Reputation: 55
I have a large csv, and there are two columns titled derived_race and derived_ethnicity. I am trying to put them into one column titled Race. Within the derived_race column there are multiple races including 'White', 'Black or African American', 'Asian', 'Joint', etc. Within the derived_ethnicity column there is just 'Hispanic or Latino' and 'Not Hispanic or Latino'. In the new column that I am creating, I am only want 4 categories - White, Black, Hispanic, and Other.
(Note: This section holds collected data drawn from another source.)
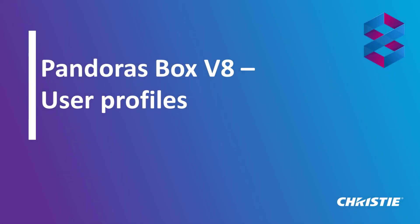Hello everybody and welcome to Pandora's Box video tutorials. Pandora's Box version 8 comes with a very useful feature regarding user profiles. It allows you to save, import and share specific settings in your project.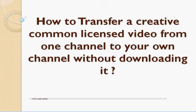Hello everyone, in this video I'm going to show you how you can transfer a video on YouTube which has Creative Commons license from one channel to your own channel without downloading it.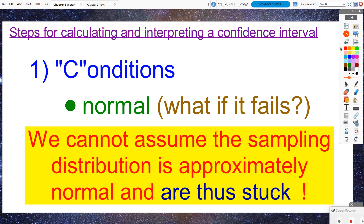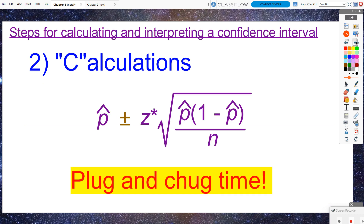What if the normal condition fails? Then we don't have an approximately normal sampling distribution, and we cannot use inverse norm to calculate the critical value — so we are essentially stuck. That covers all of condition checking, the first C. The second C is doing the calculations, and the third C is writing a conclusion.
For white: the derived_Race should be 'White' and the derived ethnicity should be 'Not Hispanic or Latino' For black: the derived_race should be 'Black or African American' and the derived_ethnicity should be 'Not Hispanic or Latino' For Hispanic: the derived_ethnicity should be 'Hispanic or Latino' Other should be everything else
The current code that I tried to use is:
mutate(Race = ifelse(derived_race == 'Black or African American', derived_ethnicity = 'Not Hispanic or Latino', 'Black', ifelse(derived_race == 'White', derived_ethnicity == 'Not Hispanic or Latino', 'White', ifelse(derived_ethnicity == 'Hispanic or Latino', 'Hispanic', 'Other'))))
I think that I am using the and statements wrong. Thanks in advance for any help!
Upvotes: 0
Views: 92
Reputation: 887048
If the OP meant ==
instead of =
, the "and" symbol is &
library(dplyr)
df1 %>%
mutate(Race = ifelse(derived_race == 'Black or African American' &
derived_ethnicity == 'Not Hispanic or Latino', 'Black',
ifelse(derived_race == 'White' & derived_ethnicity ==
'Not Hispanic or Latino', 'White',
ifelse(derived_ethnicity == 'Hispanic or Latino', 'Hispanic', 'Other'))))
Or instead of a nested ifelse
, we can use case_when
df1 %>%
mutate(Race = case_when(derived_race == 'Black or African American' &
derived_ethnicity == 'Not Hispanic or Latino' ~ 'Black,
derived_race == 'White' & derived_ethnicity ==
'Not Hispanic or Latino' ~ 'White',
derived_ethnicity == 'Hispanic or Latino' ~ 'Hispanic', TRUE ~ 'Other'))
Upvotes: 2